Na última sexta-feira, 16 de janeiro, a Organização Avícola do Rio Grande do Sul (O/A.RS) realizou uma coletiva em Porto Alegre para discutir os resultados do setor avícola em 2025. A reunião, que reuniu representantes da Associação Gaúcha de Avicultura (Asgav) e do Sindicato das Indústrias de Produtos Avícolas (Sipargs), destacou a importância do estado na produção e exportação de carne de frango, mesmo diante de desafios significativos nos últimos anos.
O balanço revelou que, apesar de adversidades como enchentes e surtos de Influenza Aviária, o Rio Grande do Sul manteve-se entre os três principais estados exportadores de carne de frango do Brasil. No total, foram abatidas aproximadamente 808 milhões de aves, registrando um leve crescimento de 1,5% em comparação a 2024. Entretanto, o cenário das exportações foi afetado pelos embargos decorrentes dos casos de Influenza Aviária, resultando em uma diminuição de 0,77% nas vendas externas, que totalizaram 686,3 mil toneladas de carne de frango.

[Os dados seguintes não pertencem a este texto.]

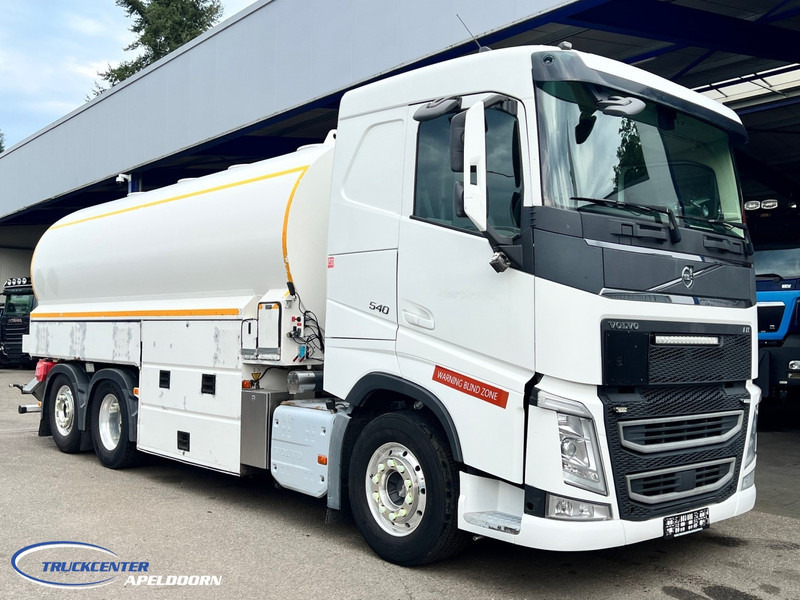 Volvo FH 540 LAG 20600 Liter ADR, 4 Comp. - Tankbil: bild 1 Volvo FH 540 LAG 20600 Liter ADR, 4 Comp. - Tankbil: bild 1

O presidente executivo da O/A.RS, José Eduardo dos Santos, enfatizou que a restrição de exportações para a China teve um impacto direto nas vendas. "Se não tivéssemos enfrentado o bloqueio, poderíamos ter encerrado o ano com um leve crescimento", afirmou. A situação também se refletiu nas exportações de ovos, que caíram para 6,2 mil toneladas, resultando em uma queda de 3,91% em relação a 2024. No entanto, o faturamento do setor de ovos cresceu, alcançando US$ 23,6 milhões, um aumento considerável de 39,1%.
Olhando para o futuro, a O/A.RS projeta um cenário otimista para 2026, com a expectativa de um crescimento de 3% a 4% nas exportações de carne de frango e de até 20% nas vendas de ovos, desde que as condições sanitárias se mantenham estáveis e não ocorram desastres naturais significativos. O fortalecimento das práticas de biosseguridade e a atualização das normativas no setor avícola são fundamentais para garantir essa recuperação. Além disso, a O/A.RS continuará a promover campanhas para valorizar as marcas de produtos avícolas do Rio Grande do Sul, incentivando o consumo dessas proteínas essenciais.